Mom and Dad brought Connie home from the hospital and raised her like any of the rest of us.  They spent a lot of time and effort early in Connie’s life trying to figure out if there was anything they could do to improve her quality of life. In the end, they did just what God wanted them to - they brought her home to a loving family and raised her like any of their other children. Connie was one of us, she just took special care. Dad made many different walkers, standing tables, beds, and all sorts of items to help Connie to be able to stand for a while and to be a part of our family. That was back when you could not buy that stuff, and Dad was pretty handy at making things anyway.  My Mom, though somewhat outspoken, is a saint in my eyes. She spent many years of her life showing us how to serve others by the care she gave to Connie. Every meal Mom had to cook for all of us, then grind Connie’s food up and feed her with one hand while Mom ate her meal with the other hand. This became normal to us. Connie was one of the family albeit a special member of that family. My sisters got to help a lot with Connie as they grew up too, but you see, that taught us all to be of service to others. We didn’t always smile while we helped, but we knew it was our role as a member of our family. Connie passed away on July 15, 2005. She had spent her last years at Dakotabilities in a group home. She had been in some pain over the last years of her life, and the doctors and people who worked with her always thought she had sore muscles or a brace that was rubbing her wrong. One of her last doctors had gone in with a scope to correct a feeding tube placement and saw that her gall bladder was full of gall stones. He had said it looked like a bean bag. I have had kidney stones several times, and they hurt a lot. They say a gallstone is very similar if not worse. Can you imagine having that many stones develop and you hurt all the time and you cannot communicate what or where it hurts? I am still amazed at the strength that girl had to have had. She has got to be in heaven praying for all of us for all the suffering she did while on this earth.
This little bump I have is nothing compared to the suffering that girl went through. I know that even though I teased her, she loved me and is pulling for all of us up in heaven. As anyone who has ever been around people with disabilities knows, they are a smiling child of God. They have no hidden agenda and no malice towards others. They trust everyone and they love everyone, thinking no one would ever hurt them. Families of these children are special indeed. Mine is one of those families.

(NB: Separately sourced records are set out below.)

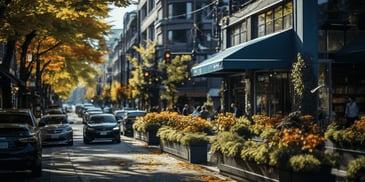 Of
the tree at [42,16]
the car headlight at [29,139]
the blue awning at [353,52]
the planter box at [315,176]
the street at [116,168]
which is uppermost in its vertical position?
the tree at [42,16]

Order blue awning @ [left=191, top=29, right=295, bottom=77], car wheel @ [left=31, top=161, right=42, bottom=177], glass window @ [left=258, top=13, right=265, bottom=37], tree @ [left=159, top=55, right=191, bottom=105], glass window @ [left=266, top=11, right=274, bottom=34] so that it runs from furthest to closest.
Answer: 1. tree @ [left=159, top=55, right=191, bottom=105]
2. glass window @ [left=258, top=13, right=265, bottom=37]
3. glass window @ [left=266, top=11, right=274, bottom=34]
4. blue awning @ [left=191, top=29, right=295, bottom=77]
5. car wheel @ [left=31, top=161, right=42, bottom=177]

I want to wrap this up with a short piece that my brother, Bob wrote when Connie passed away. (See, I am not the only writer in this bunch)
She Taught Us
She was given three days to live, but persevered through 47 years.
When they said she would be too much work for you to handle, two parents gave an example of accepting God’s will unconditionally.
When she couldn’t eat or drink, they found a way to blend her food and make special cups & bottles.
When she couldn’t sit, or stand, we made braces, chairs, casts, and tables.
When you looked at her and wanted to cry, she looked back and smiled or laughed while she sat quietly suffering through life’s daily aches and pains.
When we entered a room and they all would stare, she smiled back.
For all things that took extra effort and unlimited love, it came to accepting the fact that it’s not a perfect world.
When we were in a hurry, she reminded us to slow down and help each other.
When we complained about being sick, or feeling bad, she remained silent as she suffered.
When we felt bad about not getting to go somewhere or do something she could silently remind you that she couldn’t do anything without the assistance from others.
She spent her whole life in rooms where other people wanted her to be,
Doing things they wanted to do,
Listening to things they wanted to say,
Watching the show they wanted to watch,
Listening to music they wanted to hear,
Eating when they were hungry,
Drinking when they were thirsty,
Resting when they were tired,
Spending time together when our schedules were convenient.

I’ve met a lot of good people in my life. Most taught me, either in class or by example. But none could make you stop and think like Connie, and she never spoke a single word in her entire life…

God gave Connie to us to give an example of how to live a pure life, simply following His son’s footsteps without walking; listening to His word without talking.